This page is a presentation of my theory of phonemes, targeted at an audience of phoneticians who are familiar with the issues that arise. But I'm not an academic linguist; if you feel that's a disqualification, you can stop reading here.
We want to define phonemes as the units of the mental representation of sounds. The key word is actually units: we want to define phonemes so that they're the final discrete units in the mental process of sound production - everything downstream is continuous. It's the same distinction as between digital and analog, or between integers and real numbers.

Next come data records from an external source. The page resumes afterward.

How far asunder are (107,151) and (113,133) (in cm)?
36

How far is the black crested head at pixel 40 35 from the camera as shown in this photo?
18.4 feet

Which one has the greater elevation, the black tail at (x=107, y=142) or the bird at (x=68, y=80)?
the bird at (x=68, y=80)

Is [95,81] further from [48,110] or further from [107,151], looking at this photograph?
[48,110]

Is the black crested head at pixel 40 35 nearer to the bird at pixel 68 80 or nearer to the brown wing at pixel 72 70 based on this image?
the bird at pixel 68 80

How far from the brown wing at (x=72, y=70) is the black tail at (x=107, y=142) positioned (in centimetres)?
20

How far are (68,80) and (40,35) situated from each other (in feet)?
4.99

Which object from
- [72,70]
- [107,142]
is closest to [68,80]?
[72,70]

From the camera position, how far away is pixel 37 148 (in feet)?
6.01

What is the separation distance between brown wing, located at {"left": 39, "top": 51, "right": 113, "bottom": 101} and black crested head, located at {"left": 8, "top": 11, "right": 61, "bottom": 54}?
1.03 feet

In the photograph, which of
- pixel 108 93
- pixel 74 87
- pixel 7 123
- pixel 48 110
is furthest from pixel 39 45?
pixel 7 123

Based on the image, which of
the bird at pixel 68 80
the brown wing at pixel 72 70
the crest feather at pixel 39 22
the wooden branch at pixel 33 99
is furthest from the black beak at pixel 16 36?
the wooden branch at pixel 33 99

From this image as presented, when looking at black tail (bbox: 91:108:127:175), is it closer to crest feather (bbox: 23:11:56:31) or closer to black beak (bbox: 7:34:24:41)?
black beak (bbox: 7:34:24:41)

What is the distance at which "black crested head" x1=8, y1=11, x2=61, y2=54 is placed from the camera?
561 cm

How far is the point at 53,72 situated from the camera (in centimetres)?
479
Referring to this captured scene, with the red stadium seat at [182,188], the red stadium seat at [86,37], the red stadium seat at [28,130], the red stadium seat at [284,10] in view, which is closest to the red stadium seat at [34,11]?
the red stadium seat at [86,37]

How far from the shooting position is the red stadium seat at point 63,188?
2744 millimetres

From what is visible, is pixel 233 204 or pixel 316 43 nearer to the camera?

A phoneme is the last point at which we can think of a sound unit, as opposed to speech organs, features, or acoustics. (Credit to Mark Liberman for this idea.) We then want to use phonemes to spell the entries in our lexicons.
The current mainstream theory is that phonemes can be identified using two tests: minimal pairs and complementary distribution. A third test is often applied: the idea that the set of phonemes of a language is the minimal set that satisfies the other criteria. As Occam advised, "Entities must not be multiplied beyond necessity". I will refer to that theory as miniphonemes: the minimal set of minimal pairs.
But these criteria don't derive directly from the definition of phonemes, and there's no particular reason to assume they're correct. There's no shortage of difficulties with this miniphoneme theory. Here's an overview of some of them that was one of the first matches when I googled "problems with phonemes": Problems with Phonemes, Coleman 2006.
The theory I'm proposing isn't so different, but it moves the frontier between discrete and continuous - between morphology and phonology - one step further downstream, to allophones, so I'm going to call it the allophoneme theory. A traditionalist says that the complementary distribution of aspirated [tʰ] as in top and unvoiced [t] as in stop means that they're the same miniphoneme; I say that the fact that stʰop sounds wrong to native speakers and it's a substitution they never make, means that they're different allophonemes: natives think of them as different sounds, even if they're in complementary distribution. After all, English /h/ and /ng/ are in complementary distribution, and we don't think of them as allophones of the same phoneme.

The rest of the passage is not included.